## What needs to be done
For this exercise, print the listing below exactly, without its pictures.

## Information
==*==

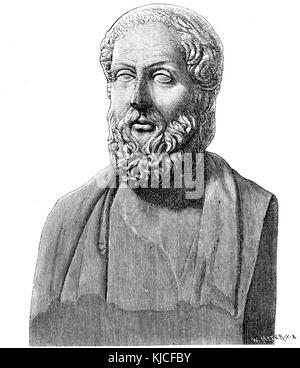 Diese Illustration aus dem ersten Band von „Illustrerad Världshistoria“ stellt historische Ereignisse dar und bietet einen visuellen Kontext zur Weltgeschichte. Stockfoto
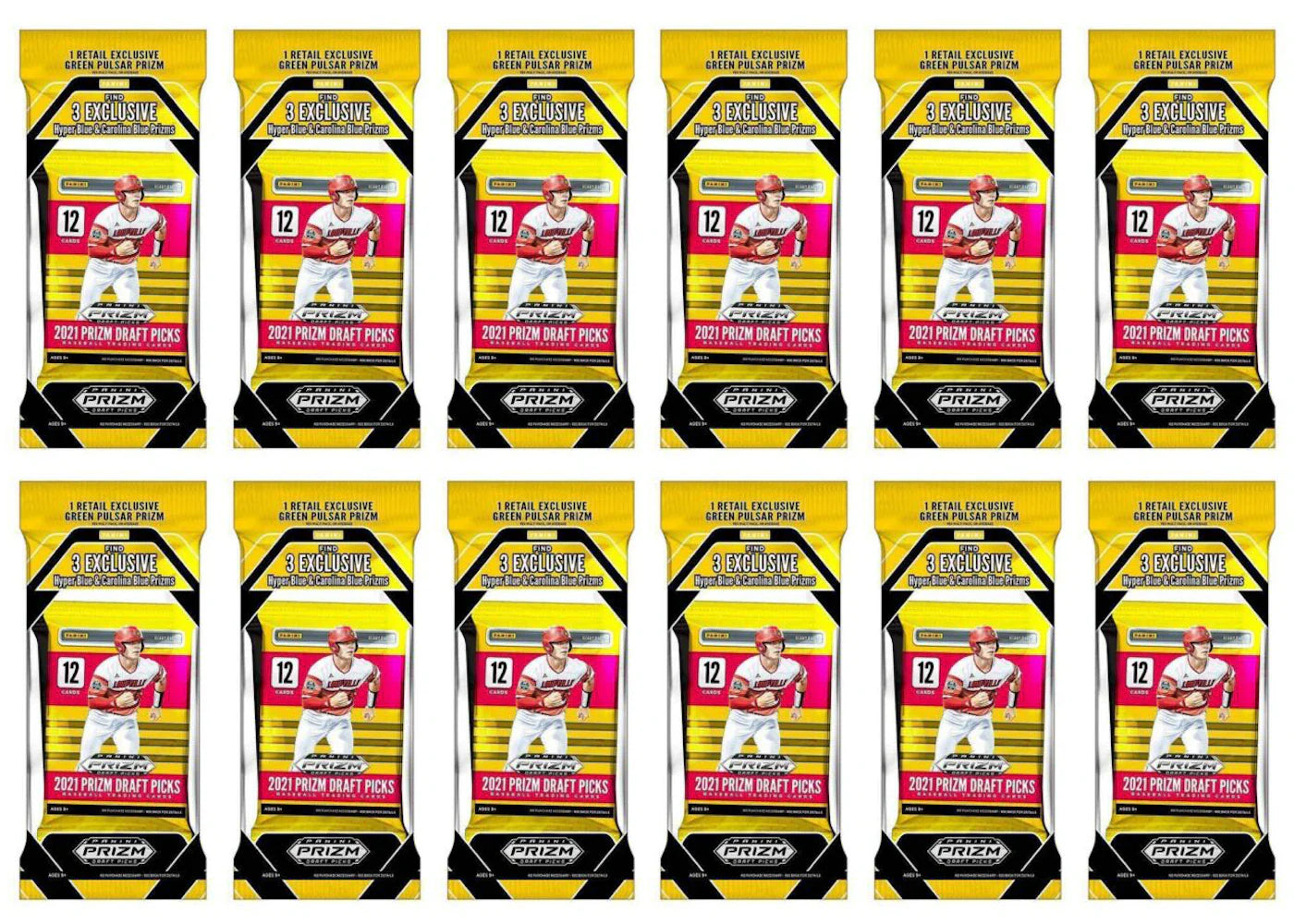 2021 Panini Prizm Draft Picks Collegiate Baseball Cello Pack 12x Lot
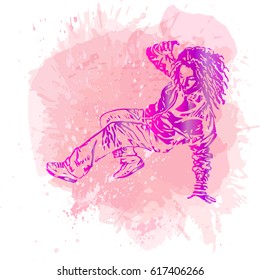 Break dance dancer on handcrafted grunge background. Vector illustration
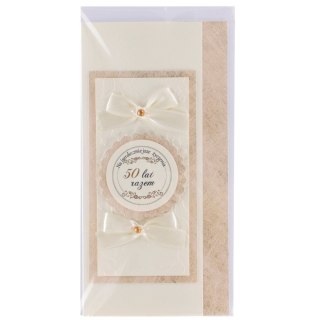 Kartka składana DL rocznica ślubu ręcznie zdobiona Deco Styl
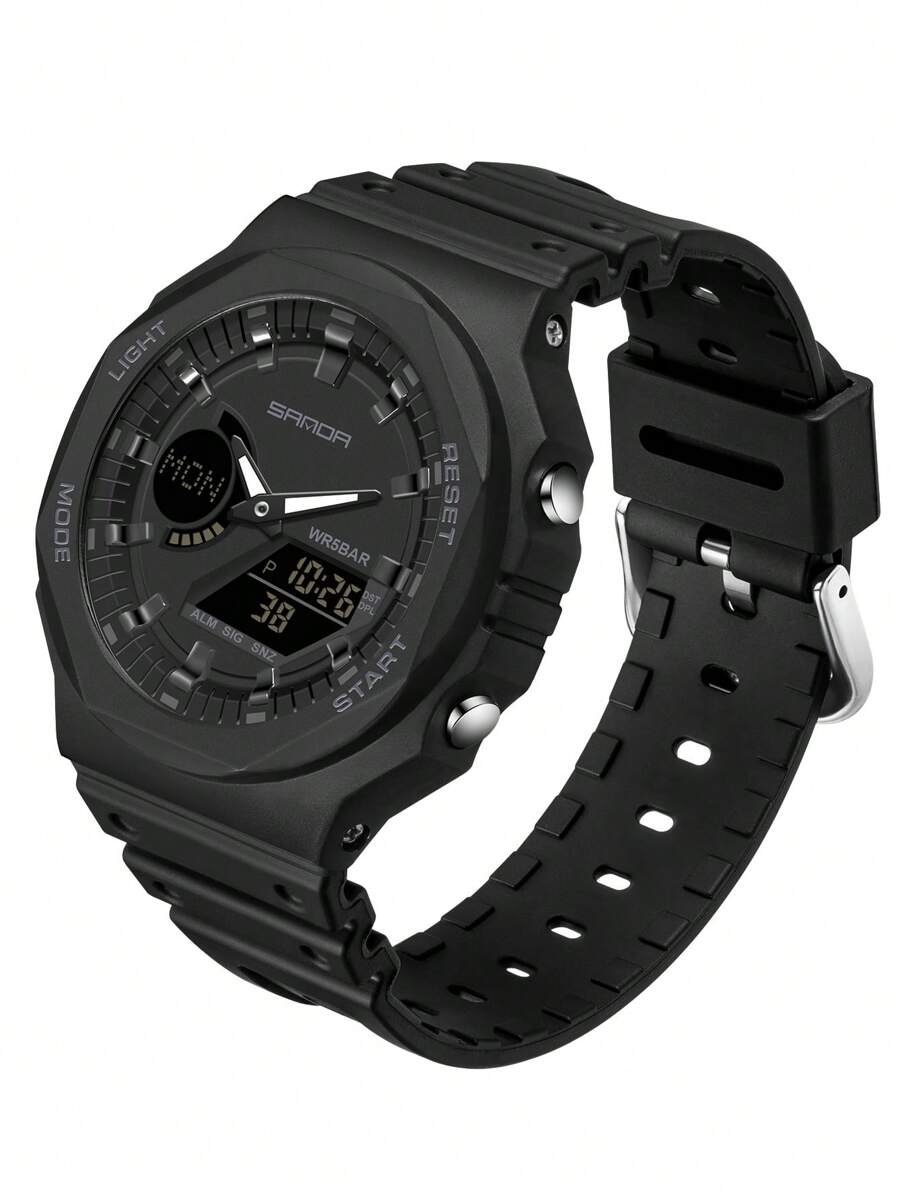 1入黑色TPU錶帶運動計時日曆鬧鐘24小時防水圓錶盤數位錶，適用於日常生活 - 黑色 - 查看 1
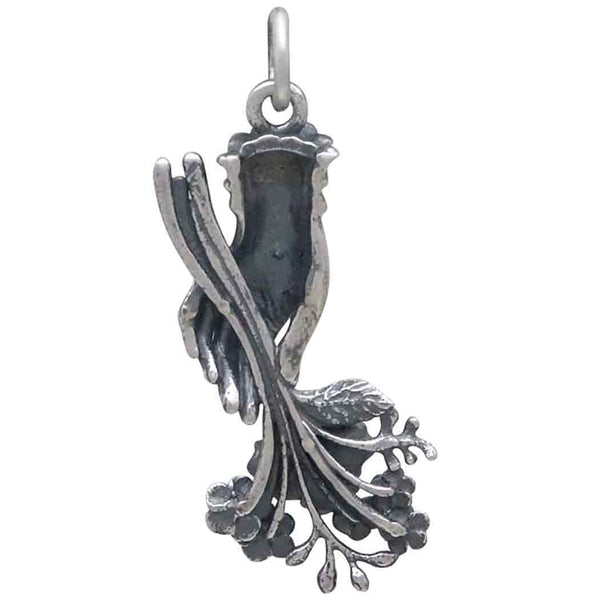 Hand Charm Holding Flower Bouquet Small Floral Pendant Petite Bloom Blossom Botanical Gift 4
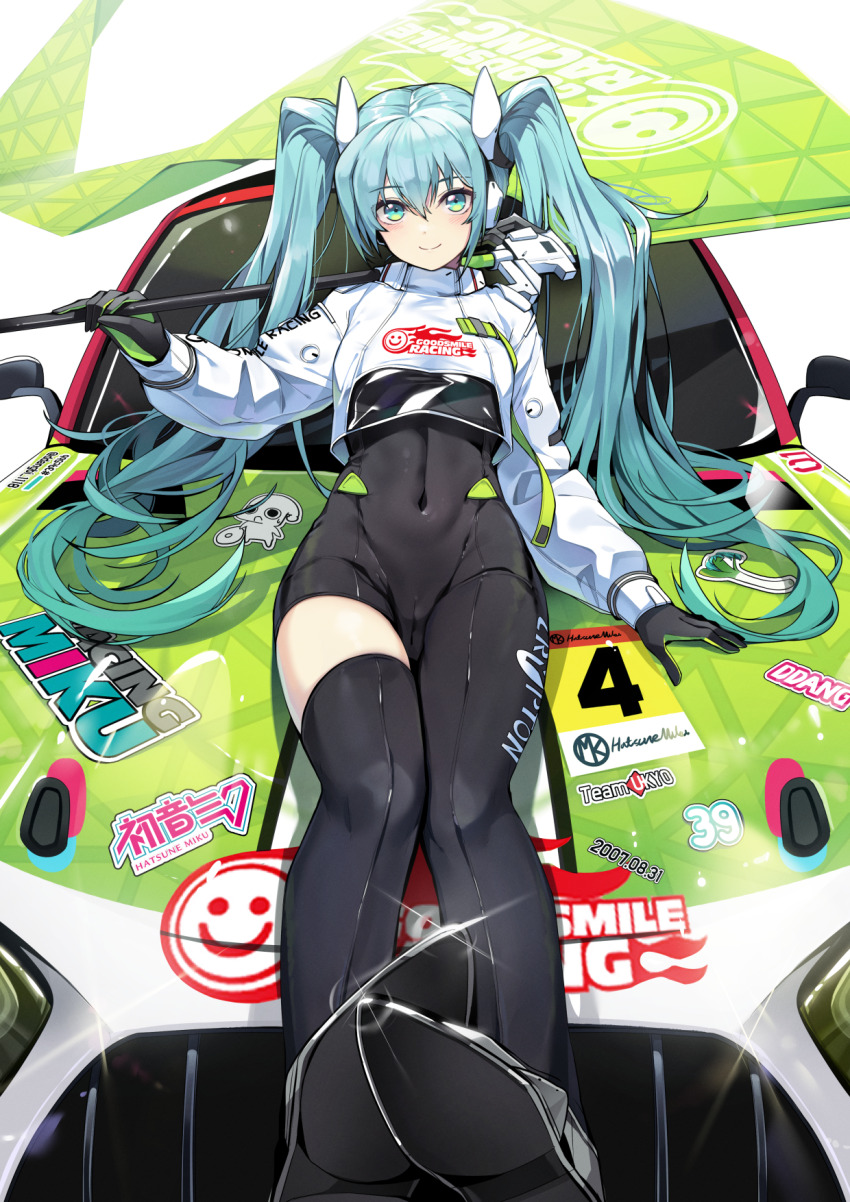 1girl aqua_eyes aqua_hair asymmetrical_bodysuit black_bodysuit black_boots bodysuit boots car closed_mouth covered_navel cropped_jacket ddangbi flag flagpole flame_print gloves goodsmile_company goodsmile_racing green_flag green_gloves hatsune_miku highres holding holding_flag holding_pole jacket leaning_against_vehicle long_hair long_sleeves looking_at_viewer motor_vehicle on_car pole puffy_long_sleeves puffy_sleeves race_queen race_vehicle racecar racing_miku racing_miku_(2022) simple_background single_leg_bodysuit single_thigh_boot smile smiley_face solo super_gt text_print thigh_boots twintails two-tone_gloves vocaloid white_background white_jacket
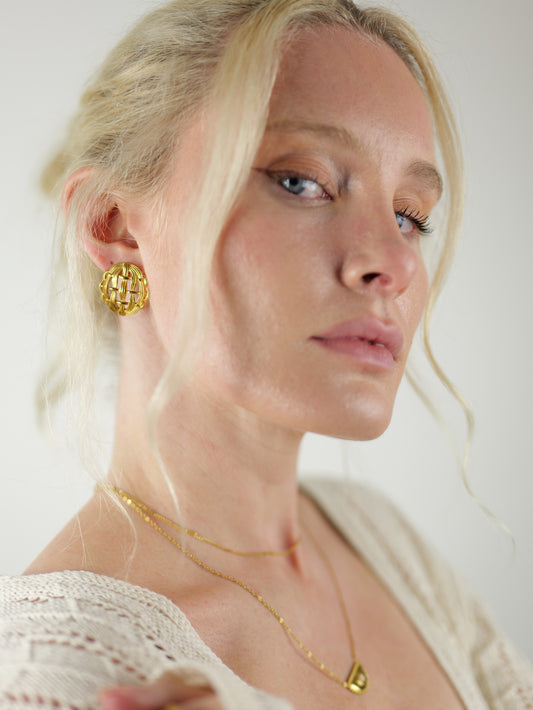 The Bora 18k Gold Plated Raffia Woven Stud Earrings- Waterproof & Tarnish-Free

==*==

## Problem solution
 Diese Illustration aus dem ersten Band von „Illustrerad Världshistoria“ stellt historische Ereignisse dar und bietet einen visuellen Kontext zur Weltgeschichte. Stockfoto
 2021 Panini Prizm Draft Picks Collegiate Baseball Cello Pack 12x Lot
 Break dance dancer on handcrafted grunge background. Vector illustration
 Kartka składana DL rocznica ślubu ręcznie zdobiona Deco Styl
 1入黑色TPU錶帶運動計時日曆鬧鐘24小時防水圓錶盤數位錶，適用於日常生活 - 黑色 - 查看 1
 Hand Charm Holding Flower Bouquet Small Floral Pendant Petite Bloom Blossom Botanical Gift 4
 1girl aqua_eyes aqua_hair asymmetrical_bodysuit black_bodysuit black_boots bodysuit boots car closed_mouth covered_navel cropped_jacket ddangbi flag flagpole flame_print gloves goodsmile_company goodsmile_racing green_flag green_gloves hatsune_miku highres holding holding_flag holding_pole jacket leaning_against_vehicle long_hair long_sleeves looking_at_viewer motor_vehicle on_car pole puffy_long_sleeves puffy_sleeves race_queen race_vehicle racecar racing_miku racing_miku_(2022) simple_background single_leg_bodysuit single_thigh_boot smile smiley_face solo super_gt text_print thigh_boots twintails two-tone_gloves vocaloid white_background white_jacket
 The Bora 18k Gold Plated Raffia Woven Stud Earrings- Waterproof & Tarnish-Free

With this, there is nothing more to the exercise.